How many lines of the data contain the word "their"? Give only that number.

[Opening MATERIAL TO PROCESS section]

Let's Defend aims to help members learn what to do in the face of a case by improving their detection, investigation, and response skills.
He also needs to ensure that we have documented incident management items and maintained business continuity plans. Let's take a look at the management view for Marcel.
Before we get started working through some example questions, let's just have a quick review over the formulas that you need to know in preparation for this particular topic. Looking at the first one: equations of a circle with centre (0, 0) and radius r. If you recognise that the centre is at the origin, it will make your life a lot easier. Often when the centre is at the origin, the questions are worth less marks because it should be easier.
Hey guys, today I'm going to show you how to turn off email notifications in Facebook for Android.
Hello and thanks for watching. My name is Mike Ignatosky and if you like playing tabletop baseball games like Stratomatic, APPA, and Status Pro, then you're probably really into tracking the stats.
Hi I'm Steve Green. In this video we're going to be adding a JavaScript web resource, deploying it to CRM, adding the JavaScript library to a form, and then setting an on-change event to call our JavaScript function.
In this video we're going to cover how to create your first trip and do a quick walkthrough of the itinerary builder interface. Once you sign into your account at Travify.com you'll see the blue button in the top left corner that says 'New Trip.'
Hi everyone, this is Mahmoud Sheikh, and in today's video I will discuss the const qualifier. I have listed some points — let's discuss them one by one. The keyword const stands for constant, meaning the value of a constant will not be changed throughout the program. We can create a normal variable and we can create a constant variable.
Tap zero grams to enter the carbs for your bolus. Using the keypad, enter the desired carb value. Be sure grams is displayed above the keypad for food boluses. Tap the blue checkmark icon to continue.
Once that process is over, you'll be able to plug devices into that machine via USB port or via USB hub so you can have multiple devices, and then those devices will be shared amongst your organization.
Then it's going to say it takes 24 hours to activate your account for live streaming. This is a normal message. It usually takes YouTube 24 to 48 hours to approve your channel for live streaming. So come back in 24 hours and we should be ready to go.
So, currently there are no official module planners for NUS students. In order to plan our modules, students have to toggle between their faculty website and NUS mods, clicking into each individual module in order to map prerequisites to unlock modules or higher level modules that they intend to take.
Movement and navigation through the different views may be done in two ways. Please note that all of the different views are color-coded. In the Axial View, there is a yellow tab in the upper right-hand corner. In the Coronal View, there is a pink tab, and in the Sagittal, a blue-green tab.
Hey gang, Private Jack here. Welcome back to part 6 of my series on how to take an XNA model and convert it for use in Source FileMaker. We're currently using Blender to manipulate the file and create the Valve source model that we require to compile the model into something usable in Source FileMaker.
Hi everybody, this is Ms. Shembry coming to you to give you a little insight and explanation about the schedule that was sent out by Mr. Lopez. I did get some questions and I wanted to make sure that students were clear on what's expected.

[Closing MATERIAL TO PROCESS section]

→ RESPONSE
2